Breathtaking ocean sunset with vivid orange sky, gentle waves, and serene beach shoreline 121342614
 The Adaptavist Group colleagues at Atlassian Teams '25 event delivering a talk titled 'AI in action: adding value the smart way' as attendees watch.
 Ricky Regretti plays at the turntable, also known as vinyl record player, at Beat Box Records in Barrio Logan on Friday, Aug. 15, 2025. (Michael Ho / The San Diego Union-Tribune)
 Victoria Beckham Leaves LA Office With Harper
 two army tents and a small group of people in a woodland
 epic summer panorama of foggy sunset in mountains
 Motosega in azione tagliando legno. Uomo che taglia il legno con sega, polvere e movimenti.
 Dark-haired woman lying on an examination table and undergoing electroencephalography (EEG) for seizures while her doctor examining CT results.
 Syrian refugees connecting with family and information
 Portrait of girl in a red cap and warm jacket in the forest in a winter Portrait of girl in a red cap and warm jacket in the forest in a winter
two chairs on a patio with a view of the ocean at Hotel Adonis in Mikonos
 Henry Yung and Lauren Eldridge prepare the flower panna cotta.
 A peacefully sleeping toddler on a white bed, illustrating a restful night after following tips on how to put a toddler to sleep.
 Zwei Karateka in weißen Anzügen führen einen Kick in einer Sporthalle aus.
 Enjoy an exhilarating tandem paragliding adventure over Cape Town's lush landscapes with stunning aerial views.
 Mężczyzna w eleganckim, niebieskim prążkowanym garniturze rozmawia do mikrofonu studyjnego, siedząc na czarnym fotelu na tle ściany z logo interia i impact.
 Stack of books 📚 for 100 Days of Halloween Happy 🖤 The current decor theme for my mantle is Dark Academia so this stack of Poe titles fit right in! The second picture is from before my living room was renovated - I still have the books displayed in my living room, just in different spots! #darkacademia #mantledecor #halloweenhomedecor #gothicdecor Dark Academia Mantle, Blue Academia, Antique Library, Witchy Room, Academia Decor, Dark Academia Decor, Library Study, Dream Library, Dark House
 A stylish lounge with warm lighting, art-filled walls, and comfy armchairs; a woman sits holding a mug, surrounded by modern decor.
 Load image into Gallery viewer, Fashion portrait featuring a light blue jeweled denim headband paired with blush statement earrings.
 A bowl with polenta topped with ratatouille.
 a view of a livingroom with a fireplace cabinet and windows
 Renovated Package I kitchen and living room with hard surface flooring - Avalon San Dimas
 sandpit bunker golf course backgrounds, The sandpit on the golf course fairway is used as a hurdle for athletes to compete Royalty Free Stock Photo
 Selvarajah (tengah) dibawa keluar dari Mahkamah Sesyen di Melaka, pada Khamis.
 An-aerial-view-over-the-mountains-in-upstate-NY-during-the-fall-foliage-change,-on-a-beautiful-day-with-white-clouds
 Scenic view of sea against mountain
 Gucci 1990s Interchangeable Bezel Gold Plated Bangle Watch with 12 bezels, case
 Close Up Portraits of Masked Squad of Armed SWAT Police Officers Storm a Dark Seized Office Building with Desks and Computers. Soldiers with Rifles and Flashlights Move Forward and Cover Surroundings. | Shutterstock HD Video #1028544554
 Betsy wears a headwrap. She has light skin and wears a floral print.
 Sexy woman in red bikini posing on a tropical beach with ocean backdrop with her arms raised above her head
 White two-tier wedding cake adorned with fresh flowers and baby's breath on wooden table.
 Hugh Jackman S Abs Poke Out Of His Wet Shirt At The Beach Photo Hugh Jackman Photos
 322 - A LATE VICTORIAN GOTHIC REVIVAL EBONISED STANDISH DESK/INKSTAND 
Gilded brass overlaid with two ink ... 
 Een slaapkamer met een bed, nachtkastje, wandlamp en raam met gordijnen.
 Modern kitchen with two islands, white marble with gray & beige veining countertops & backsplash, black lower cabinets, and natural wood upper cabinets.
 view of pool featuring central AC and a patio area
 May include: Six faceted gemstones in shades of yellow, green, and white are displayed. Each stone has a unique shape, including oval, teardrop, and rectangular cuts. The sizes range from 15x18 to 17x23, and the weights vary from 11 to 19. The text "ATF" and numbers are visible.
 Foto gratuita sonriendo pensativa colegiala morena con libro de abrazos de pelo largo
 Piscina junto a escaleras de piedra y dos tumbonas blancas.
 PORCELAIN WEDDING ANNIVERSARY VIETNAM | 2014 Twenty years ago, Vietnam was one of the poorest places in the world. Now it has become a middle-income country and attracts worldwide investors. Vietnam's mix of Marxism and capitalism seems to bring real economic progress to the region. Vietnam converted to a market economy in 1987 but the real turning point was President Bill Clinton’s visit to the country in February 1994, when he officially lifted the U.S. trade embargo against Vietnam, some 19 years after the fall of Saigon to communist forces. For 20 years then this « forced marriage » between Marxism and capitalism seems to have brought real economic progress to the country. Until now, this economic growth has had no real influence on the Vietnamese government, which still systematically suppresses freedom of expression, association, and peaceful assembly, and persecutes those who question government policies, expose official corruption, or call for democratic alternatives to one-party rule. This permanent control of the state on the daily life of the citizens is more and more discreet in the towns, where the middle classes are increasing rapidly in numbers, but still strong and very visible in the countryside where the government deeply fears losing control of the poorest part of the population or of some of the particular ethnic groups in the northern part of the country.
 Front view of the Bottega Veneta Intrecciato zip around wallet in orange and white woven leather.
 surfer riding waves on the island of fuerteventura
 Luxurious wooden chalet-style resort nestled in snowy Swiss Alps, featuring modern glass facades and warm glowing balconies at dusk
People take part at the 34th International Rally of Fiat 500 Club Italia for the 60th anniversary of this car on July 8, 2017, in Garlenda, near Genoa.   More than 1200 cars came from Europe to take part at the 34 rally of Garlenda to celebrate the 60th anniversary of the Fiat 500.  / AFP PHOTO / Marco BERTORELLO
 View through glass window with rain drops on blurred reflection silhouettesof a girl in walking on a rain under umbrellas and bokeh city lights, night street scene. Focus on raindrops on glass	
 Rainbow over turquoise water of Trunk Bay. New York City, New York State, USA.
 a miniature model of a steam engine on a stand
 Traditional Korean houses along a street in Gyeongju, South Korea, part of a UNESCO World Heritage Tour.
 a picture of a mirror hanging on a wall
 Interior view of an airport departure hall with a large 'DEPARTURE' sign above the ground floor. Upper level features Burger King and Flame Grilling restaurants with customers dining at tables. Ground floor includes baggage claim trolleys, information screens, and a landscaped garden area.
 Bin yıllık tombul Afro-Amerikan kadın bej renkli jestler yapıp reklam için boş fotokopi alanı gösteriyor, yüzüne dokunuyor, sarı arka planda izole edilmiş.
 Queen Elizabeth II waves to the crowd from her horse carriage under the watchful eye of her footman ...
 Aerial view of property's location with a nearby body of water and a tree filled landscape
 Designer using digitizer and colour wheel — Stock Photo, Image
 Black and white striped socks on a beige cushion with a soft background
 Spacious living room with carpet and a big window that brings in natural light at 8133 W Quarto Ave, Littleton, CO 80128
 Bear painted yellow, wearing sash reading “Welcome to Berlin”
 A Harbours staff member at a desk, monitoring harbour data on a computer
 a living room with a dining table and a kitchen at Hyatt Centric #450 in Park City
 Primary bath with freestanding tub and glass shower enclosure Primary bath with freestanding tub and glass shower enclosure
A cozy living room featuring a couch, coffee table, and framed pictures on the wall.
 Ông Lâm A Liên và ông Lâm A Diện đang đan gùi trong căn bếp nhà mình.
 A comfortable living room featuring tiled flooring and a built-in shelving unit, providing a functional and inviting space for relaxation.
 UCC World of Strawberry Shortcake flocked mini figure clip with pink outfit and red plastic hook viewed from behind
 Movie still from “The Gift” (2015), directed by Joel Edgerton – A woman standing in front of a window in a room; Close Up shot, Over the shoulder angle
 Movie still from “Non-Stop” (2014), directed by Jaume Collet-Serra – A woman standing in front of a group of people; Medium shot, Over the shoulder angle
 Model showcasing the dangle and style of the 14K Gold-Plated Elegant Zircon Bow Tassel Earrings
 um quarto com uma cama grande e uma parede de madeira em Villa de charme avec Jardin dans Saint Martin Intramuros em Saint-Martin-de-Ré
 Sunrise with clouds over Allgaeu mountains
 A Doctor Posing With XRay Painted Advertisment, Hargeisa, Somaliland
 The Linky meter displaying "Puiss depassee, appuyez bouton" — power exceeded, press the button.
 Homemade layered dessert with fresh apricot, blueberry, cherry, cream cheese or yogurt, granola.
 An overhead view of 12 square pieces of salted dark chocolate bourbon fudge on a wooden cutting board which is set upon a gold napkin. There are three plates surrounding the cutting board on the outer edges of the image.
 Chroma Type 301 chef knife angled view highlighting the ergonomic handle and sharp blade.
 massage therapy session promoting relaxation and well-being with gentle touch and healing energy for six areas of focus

---

◆ WHAT THE TASK ASKS ◆
Considering only the material above, set down every line from the one with "Sexy woman in" to the one with "view of pool", inclusive, exactly as written.

◆ WRITTEN REPLY ◆
 Sexy woman in red bikini posing on a tropical beach with ocean backdrop with her arms raised above her head
 White two-tier wedding cake adorned with fresh flowers and baby's breath on wooden table.
 Hugh Jackman S Abs Poke Out Of His Wet Shirt At The Beach Photo Hugh Jackman Photos
 322 - A LATE VICTORIAN GOTHIC REVIVAL EBONISED STANDISH DESK/INKSTAND 
Gilded brass overlaid with two ink ... 
 Een slaapkamer met een bed, nachtkastje, wandlamp en raam met gordijnen.
 Modern kitchen with two islands, white marble with gray & beige veining countertops & backsplash, black lower cabinets, and natural wood upper cabinets.
 view of pool featuring central AC and a patio area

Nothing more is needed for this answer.